(Exercise aim) Below are some records; quote exactly the lines from the one that contains "Palm trees in" through the one that contains "Pique la Baleine", inclusive, and no others.

(Data excerpts)
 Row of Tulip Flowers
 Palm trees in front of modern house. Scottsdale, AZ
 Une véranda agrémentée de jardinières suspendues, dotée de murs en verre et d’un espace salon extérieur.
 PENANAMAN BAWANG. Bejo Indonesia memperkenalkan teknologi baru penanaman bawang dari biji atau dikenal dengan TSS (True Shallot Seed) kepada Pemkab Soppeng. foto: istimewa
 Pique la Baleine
==
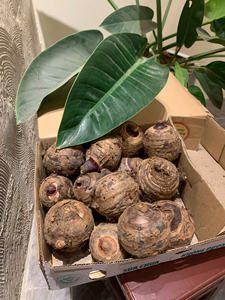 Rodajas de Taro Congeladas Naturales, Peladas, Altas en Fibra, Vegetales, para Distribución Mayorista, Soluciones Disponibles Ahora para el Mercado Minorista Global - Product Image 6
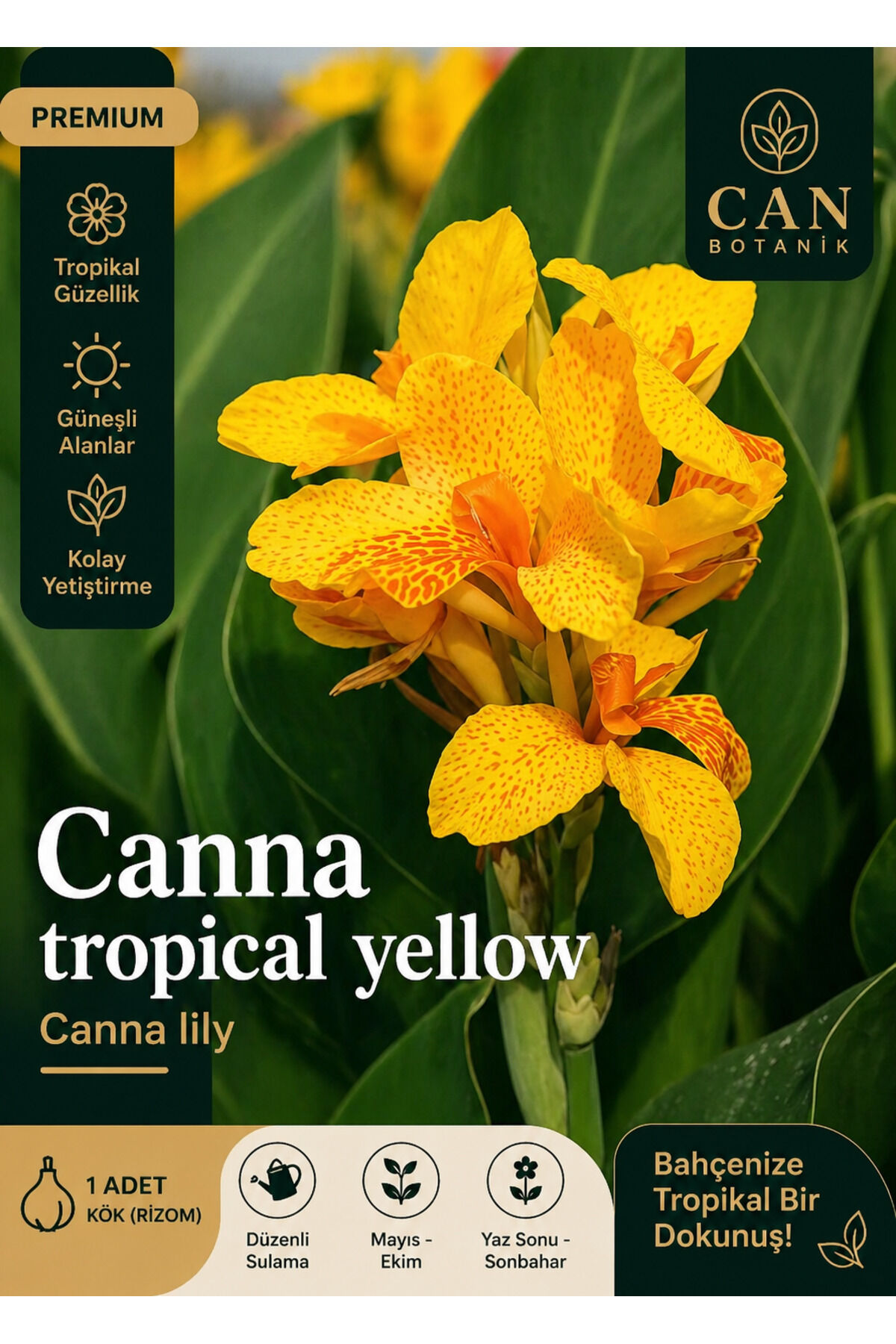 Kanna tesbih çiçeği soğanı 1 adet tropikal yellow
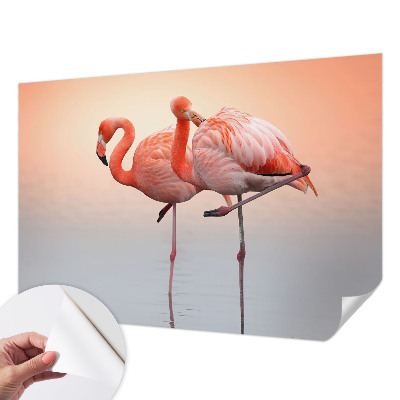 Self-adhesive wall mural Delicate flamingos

(Answer area)
 Palm trees in front of modern house. Scottsdale, AZ
 Une véranda agrémentée de jardinières suspendues, dotée de murs en verre et d’un espace salon extérieur.
 PENANAMAN BAWANG. Bejo Indonesia memperkenalkan teknologi baru penanaman bawang dari biji atau dikenal dengan TSS (True Shallot Seed) kepada Pemkab Soppeng. foto: istimewa
 Pique la Baleine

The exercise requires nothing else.